What the exercise asks ▸ Write out all the data below exactly.

[Stored items]
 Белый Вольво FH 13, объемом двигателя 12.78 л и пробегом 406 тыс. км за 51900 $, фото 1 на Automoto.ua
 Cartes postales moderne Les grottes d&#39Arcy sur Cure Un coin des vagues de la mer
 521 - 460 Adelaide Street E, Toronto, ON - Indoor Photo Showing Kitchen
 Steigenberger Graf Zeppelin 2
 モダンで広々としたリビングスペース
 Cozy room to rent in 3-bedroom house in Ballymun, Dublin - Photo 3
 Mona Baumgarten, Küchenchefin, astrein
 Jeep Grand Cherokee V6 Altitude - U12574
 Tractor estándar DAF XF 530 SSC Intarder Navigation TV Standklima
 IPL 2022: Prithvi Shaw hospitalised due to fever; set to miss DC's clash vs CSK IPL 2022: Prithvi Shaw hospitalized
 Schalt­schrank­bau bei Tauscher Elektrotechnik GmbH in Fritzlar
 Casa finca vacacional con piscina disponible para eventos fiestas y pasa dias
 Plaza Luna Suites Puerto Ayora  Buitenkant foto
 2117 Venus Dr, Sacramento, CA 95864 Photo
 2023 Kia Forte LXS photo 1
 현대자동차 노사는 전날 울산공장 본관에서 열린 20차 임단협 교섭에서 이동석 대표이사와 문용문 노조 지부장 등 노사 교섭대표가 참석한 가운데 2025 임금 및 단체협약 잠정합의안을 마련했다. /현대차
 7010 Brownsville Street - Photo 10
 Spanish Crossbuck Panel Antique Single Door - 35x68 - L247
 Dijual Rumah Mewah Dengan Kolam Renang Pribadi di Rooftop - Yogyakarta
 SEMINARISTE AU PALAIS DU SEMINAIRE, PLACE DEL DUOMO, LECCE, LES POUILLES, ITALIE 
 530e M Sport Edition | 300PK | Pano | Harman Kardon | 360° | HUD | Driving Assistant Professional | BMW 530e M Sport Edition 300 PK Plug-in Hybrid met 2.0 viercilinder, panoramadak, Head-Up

Completed task ▸
 Белый Вольво FH 13, объемом двигателя 12.78 л и пробегом 406 тыс. км за 51900 $, фото 1 на Automoto.ua
 Cartes postales moderne Les grottes d&#39Arcy sur Cure Un coin des vagues de la mer
 521 - 460 Adelaide Street E, Toronto, ON - Indoor Photo Showing Kitchen
 Steigenberger Graf Zeppelin 2
 モダンで広々としたリビングスペース
 Cozy room to rent in 3-bedroom house in Ballymun, Dublin - Photo 3
 Mona Baumgarten, Küchenchefin, astrein
 Jeep Grand Cherokee V6 Altitude - U12574
 Tractor estándar DAF XF 530 SSC Intarder Navigation TV Standklima
 IPL 2022: Prithvi Shaw hospitalised due to fever; set to miss DC's clash vs CSK IPL 2022: Prithvi Shaw hospitalized
 Schalt­schrank­bau bei Tauscher Elektrotechnik GmbH in Fritzlar
 Casa finca vacacional con piscina disponible para eventos fiestas y pasa dias
 Plaza Luna Suites Puerto Ayora  Buitenkant foto
 2117 Venus Dr, Sacramento, CA 95864 Photo
 2023 Kia Forte LXS photo 1
 현대자동차 노사는 전날 울산공장 본관에서 열린 20차 임단협 교섭에서 이동석 대표이사와 문용문 노조 지부장 등 노사 교섭대표가 참석한 가운데 2025 임금 및 단체협약 잠정합의안을 마련했다. /현대차
 7010 Brownsville Street - Photo 10
 Spanish Crossbuck Panel Antique Single Door - 35x68 - L247
 Dijual Rumah Mewah Dengan Kolam Renang Pribadi di Rooftop - Yogyakarta
 SEMINARISTE AU PALAIS DU SEMINAIRE, PLACE DEL DUOMO, LECCE, LES POUILLES, ITALIE 
 530e M Sport Edition | 300PK | Pano | Harman Kardon | 360° | HUD | Driving Assistant Professional | BMW 530e M Sport Edition 300 PK Plug-in Hybrid met 2.0 viercilinder, panoramadak, Head-Up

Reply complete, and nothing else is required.